Later, the school developed the fourth-grade JSTEM program. Wornick was the only private school to be included in a recent three-year, $950,000 STEM education grant with the San Mateo County Office of Education and Stanford University. Gereboff credits Wornick’s work with CIJE with helping the school obtain the grant.
“I think it’s kind of a snowball,” Gereboff said. “CIJE got us thinking about these things.”

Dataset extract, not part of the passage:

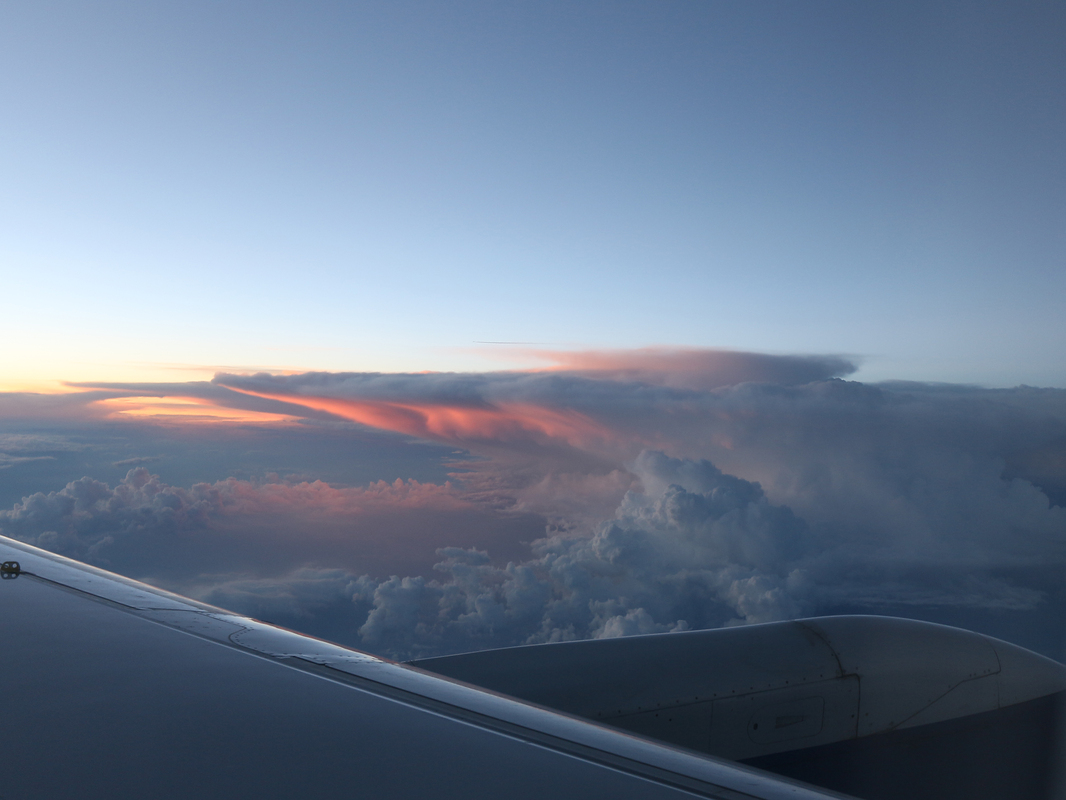 Vor dem Gewitter aus über 10.000 m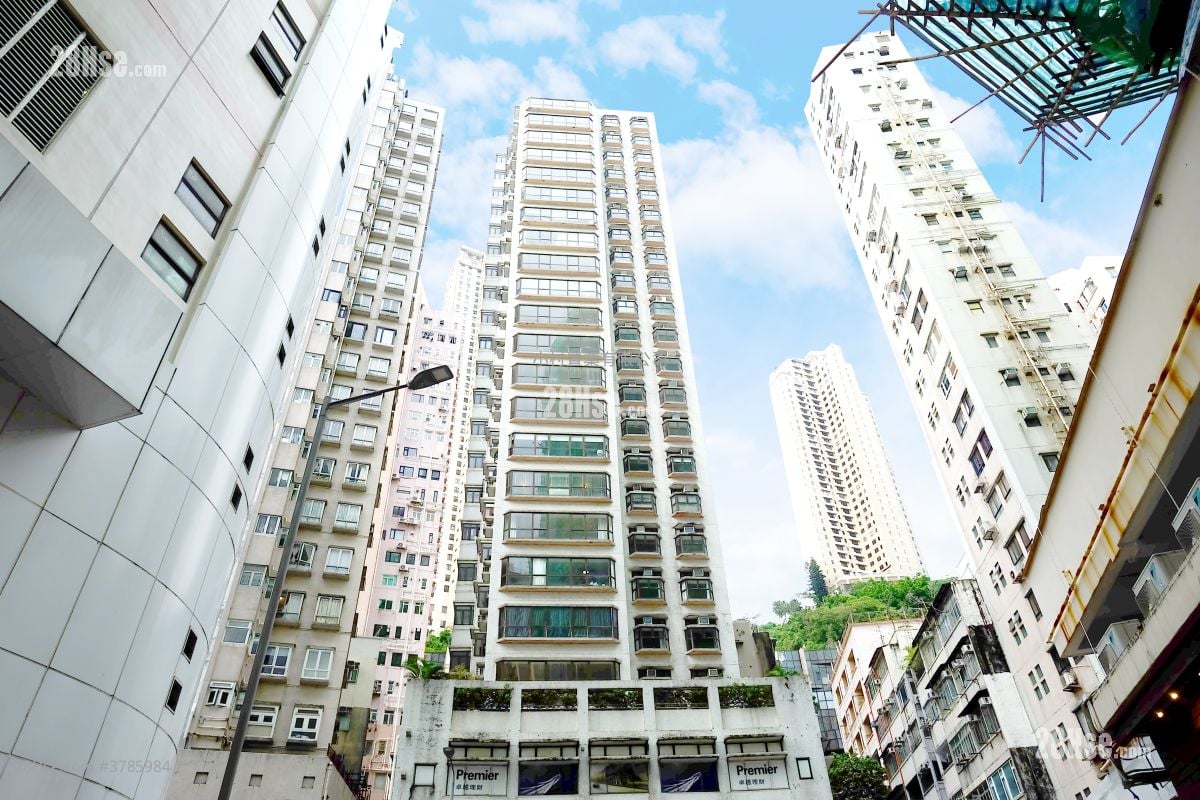 大厦外观: 日月大厦 租盘 3 房 , 2 浴室 985 平方尺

CIJE is a New York-based nonprofit established by the Gruss Foundation in 2008 to improve secular and science education in Jewish schools. It now works with 150 schools in 13 states, including a growing number in California. The latter are mostly in Southern California, but CIJE is enrolling a growing number of Bay Area Jewish schools from across the religious and educational spectrum. In addition to Wornick, Oakland Hebrew Day School, South Peninsula Hebrew Day School in Sunnyvale and Meira Academy in Palo Alto are part of the CIJE program.
Sarah Goldstein, CIJE’s West Coast educational director, recently traveled to the Bay Area to meet with other Jewish schools. For a fee of several thousand dollars a year, participating schools receive teacher training, materials, lesson plans and whole grade-level curricula. Adrian Krag, CIJE’s West Coast STEM programs director, regularly visits classrooms to mentor teachers and conduct lessons.
Goldstein said maintaining a rigorous science curriculum can be challenging for Jewish schools that have to make time for Jewish studies classes.
“We do a lot of things in the Jewish schools that we don’t do in public schools, and that takes time,” Goldstein said. “Sometimes that time gets taken away from other subjects, including the sciences. My concern is that our students have to graduate and compete head-to-head for college entrance, for careers, for all of the things that make a real difference in a person’s economic future. Our kids are going to be the inventors, the company leaders, and they can’t come in having missed the kind of things that other kids got.”
The CIJE curriculum is inquiry-based: The intention is to engage students’ curiosity by presenting them with problems to solve in creative, hands-on ways. Sometimes this incorporates a Jewish spin. For example, as a Hanukkah project, CIJE eighth-graders programmed a 3D printer to print menorahs. Then they connected them to a computer board and installed LED lights so the menorahs would light up on schedule.
“It marries Jewish culture with education,” Krag said. “It is something that you can’t get in any other [program].”
Meira Academy, a small Orthodox high school that enrolls just north of 20 girls, adopted CIJE’s introduction to scientific engineering curriculum for its 10th-graders as a pilot this year. Computer science teacher Svetlana Goldenberg said the hands-on, inquiry-based method gets her students excited about science.
“It’s still very much an uphill battle with the girls to get them interested and excited about this stuff,” Goldenberg said. “There’s still the stigma of the geeky, bent-over boys with glasses. … Within a month, once [the girls] see the buzzers and the sensors and the responses, they are thrilled.”